I am frequently mocked for my obituary posts. They are frequently about media personalities, particularly those that figured prominently into game shows. I have no good defense to this attack.

With the passing of Brett, the three people who made Match Game what it was are no longer with us. (Richard Dawson, while influential, left the show for the spin-off *Family Feud* in 1978.)

Somewhere in the afterlife, they’re having one hell of a _________.

RIP, CNR

[NYT](http://www.nytimes.com/2007/05/28/theater/28reilly.html):

> Charles Nelson Reilly, who acted and directed on Broadway but came to be best known for his campy television appearances on talk shows and “Match Game,” died on Friday in Los Angeles. He was 76 and lived in Beverly Hills, Calif.

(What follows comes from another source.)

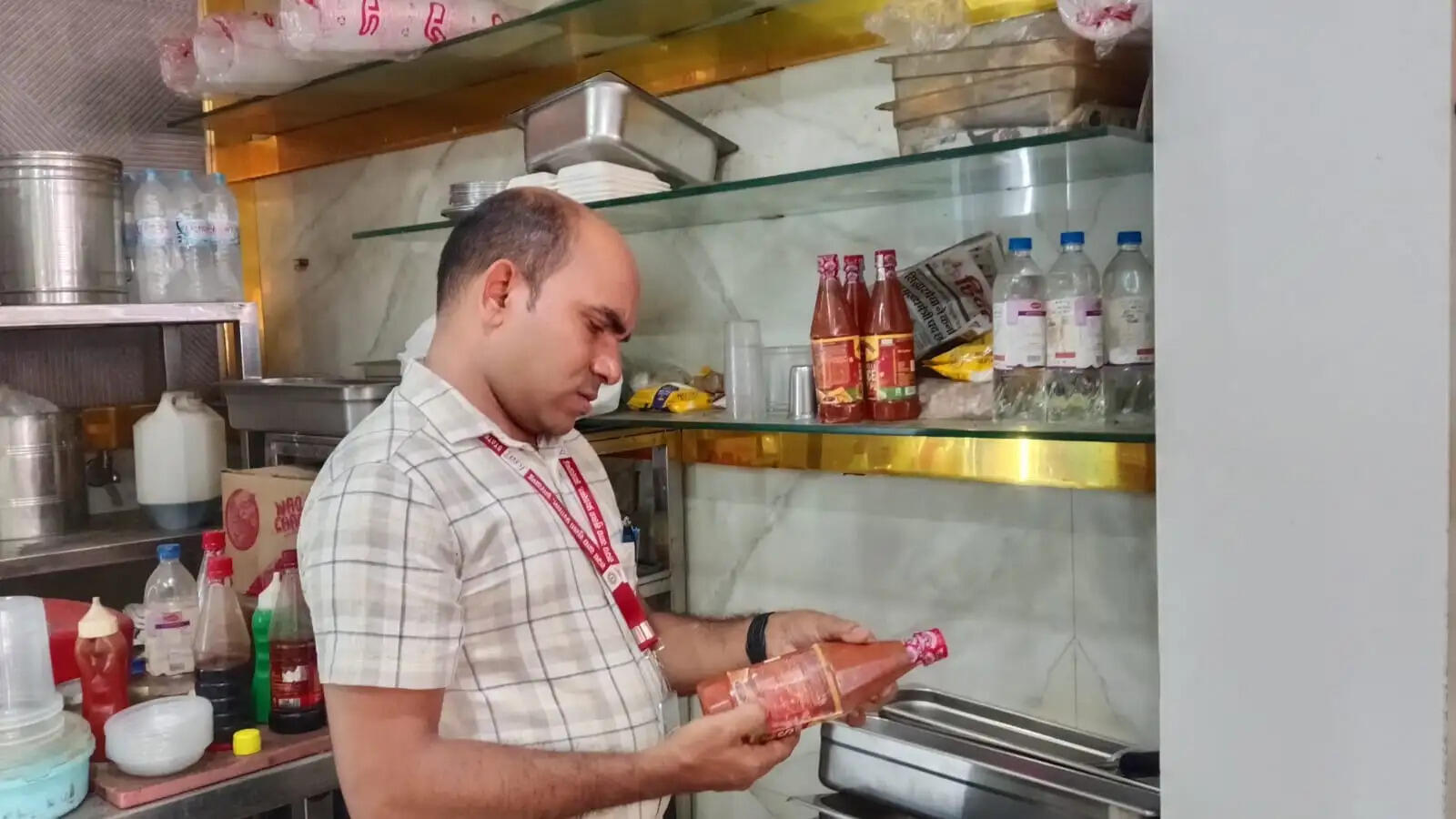 होटल और रेस्टोरेंट में लगे आरओ की खाद्य सुरक्षा विभाग ने की जांच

> The cause was complications of pneumonia, said his partner, Patrick Hughes, who is his only immediate survivor. Mr. Reilly had been ill for more than a year, he said.

Yes, I am still awake at 1:20 in the morning, and I am posting about Charles Nelson Reilly. If you know me at all, this is not a surprising fact.

The Day The World Ended

[NYT](http://www.nytimes.com/2007/04/12/books/12vonnegut.html):

> Kurt Vonnegut, whose dark comic talent and urgent moral vision in novels like “Slaughterhouse-Five,” “Cat’s Cradle” and “God Bless You, Mr. Rosewater” caught the temper of his times and the imagination of a generation, died last night in Manhattan. He was 84 and had homes in Manhattan and in Sagaponack on Long Island.

Not the sort of news I like starting my Thursday with.

EDITED TO ADD: The [Metafilter obituary thread](http://www.metafilter.com/60215/Kurt-Vonnegut-Dies-at-84) is worth visiting, more than any other MeFi obit I can remember.

Mac IT Loses One Of Its Greats

[RIP, Michael Bartosh](http://www.afp548.com/article.php?story=20060611204217263):

>It is with the heaviest of hearts that I write these words, but this weekend we lost Michael Bartosh to a tragic accident in Tokyo, Japan at the far too young age of 28.

>Early on Sunday morning Michael fell to his death from a friend’s balcony. Police have ruled the death an accident.

>To many people Michael was a source of endless information that he provided about Mac OS X Server. He was an author, a trainer, a consultant, and, to many, a good friend. All of us here at AFP548.com are still in a state of shock over the loss. We are sure that many in the community feel the same way.

>He is survived by his wife, Amber. Please keep his family in your thoughts during these difficult times. We know he will never be far from ours.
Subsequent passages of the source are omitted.